It’s not often you see California politicians agree on something, but nowadays there is undeniable unity on one issue: from small town city councils to the Governor’s office, everyone’s talking about the importance of jobs.
One glaring exception seems to be the California Air Resources Board (CARB), which is seriously considering adopting a cap and trade regulation that will destroy jobs and drive businesses and sorely-needed economic activity out of the state.
In a disappointing turn of events, CARB has changed policy direction and is now advocating imposing a fee for up to 10% of greenhouse gas (GHG) emissions allowances that it had previously signaled would be free to regulated entities such as manufacturers and energy producers.
That may not sound like much, but it could translate to millions or even billions of dollars. That means an increase not only in energy costs, but in the cost of food, manufactured goods, transportation, and much more.
Bear in mind that California’s businesses and families are already seeing dramatic increases in fuel and utility costs, due not in small part to our state’s renewable energy law which mandates a massive shift in where we get our energy.
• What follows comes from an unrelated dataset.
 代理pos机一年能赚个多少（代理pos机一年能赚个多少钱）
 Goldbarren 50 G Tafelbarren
Other rules on the horizon, such as CARB’s low-carbon fuel standard and alternative fuel outlet regulations to name just a couple, will pile on even higher costs.
The result is unavoidable: higher energy costs and higher production costs translate to lost jobs and worsening competition from other states.
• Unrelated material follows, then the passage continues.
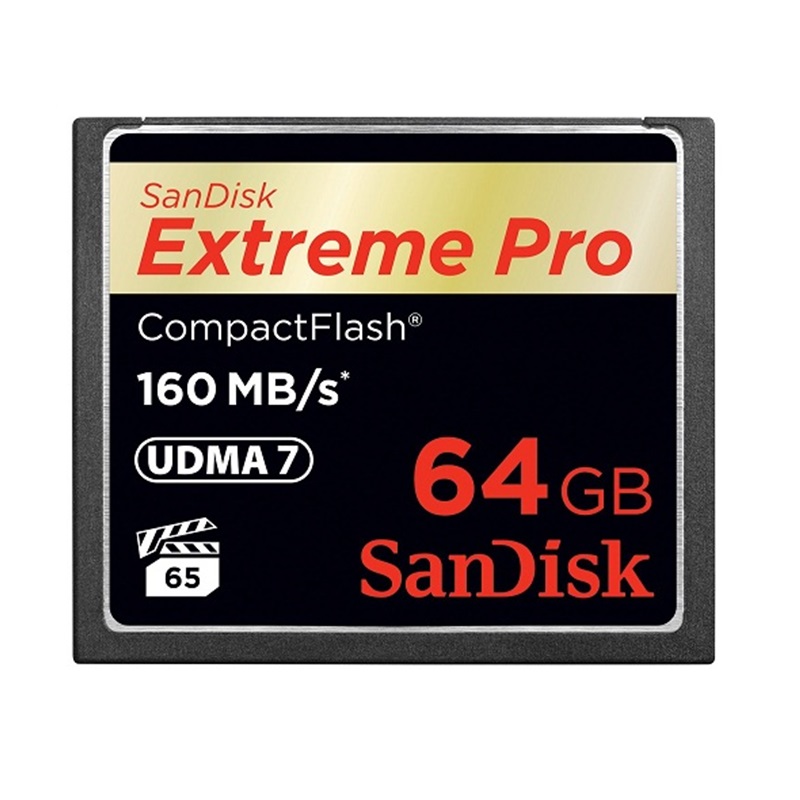 Thẻ Sandisk Extreme Pro CF 64GB 160Mb/s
With California’s economy stalled in a prolonged recession and statewide unemployment at over 12% this is the worst possible time for CARB to even consider, much less proceed with, what amounts to nothing more than a new energy tax on every business and consumer in the state.
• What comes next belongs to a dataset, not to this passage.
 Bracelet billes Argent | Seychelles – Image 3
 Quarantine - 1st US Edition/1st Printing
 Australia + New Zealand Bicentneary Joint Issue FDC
The California Hispanic Chambers of Commerce has been deeply involved in the policy process related to the implementation of AB 32, the state’s global warming law and the umbrella under which cap and trade is being formulated, for years. Based on economic forecasts by independent experts and CARB’s own staff and advisors we have consistently asked for sector-specific details of the costs of the many policies under consideration to reach AB 32’s GHG reduction goals.
Too often we were told that the costs could not be accurately projected until specific policies were developed, but that there would essentially be no economic harm to families or small businesses. It’s now evident that there are indeed costs and they indeed will have a negative impact on our economy, with small businesses, families and low income communities hit the hardest.
We were also assured that California would not be acting alone in its pursuit of GHG reductions, a key policy component since as CARB itself acknowledges, California acting alone can have no meaningful impact on climate change. With respect to cap and trade, CARB has consistently maintained that a successful program would rely on the participation of the other states in the Western Climate Initiative (WCI). Such a partnership would minimize leakage of jobs, revenues and – importantly – emissions.
Unfortunately, all of the other neighboring states in the WCI have suspended their cap and trade plans in order to protect their economies. The federal government has likewise abandoned cap and trade, and just this week the Wall Street Journal reported that the European Union is considering scaling back its own carbon emissions reduction strategies if other countries do not follow suit.
These are unmistakable red flags that CARB seems at best not to have noticed or, at worst, ignored.
If California is to go it alone on cap and trade, it’s imperative that we do not do so in a vacuum. CARB, as directed in the AB 32 legislation itself, must make every effort to contain costs and avoid leakage of desperately needed jobs and revenues.
Eliminating the new emissions tax from the proposed cap and trade regulation would be a good place to start.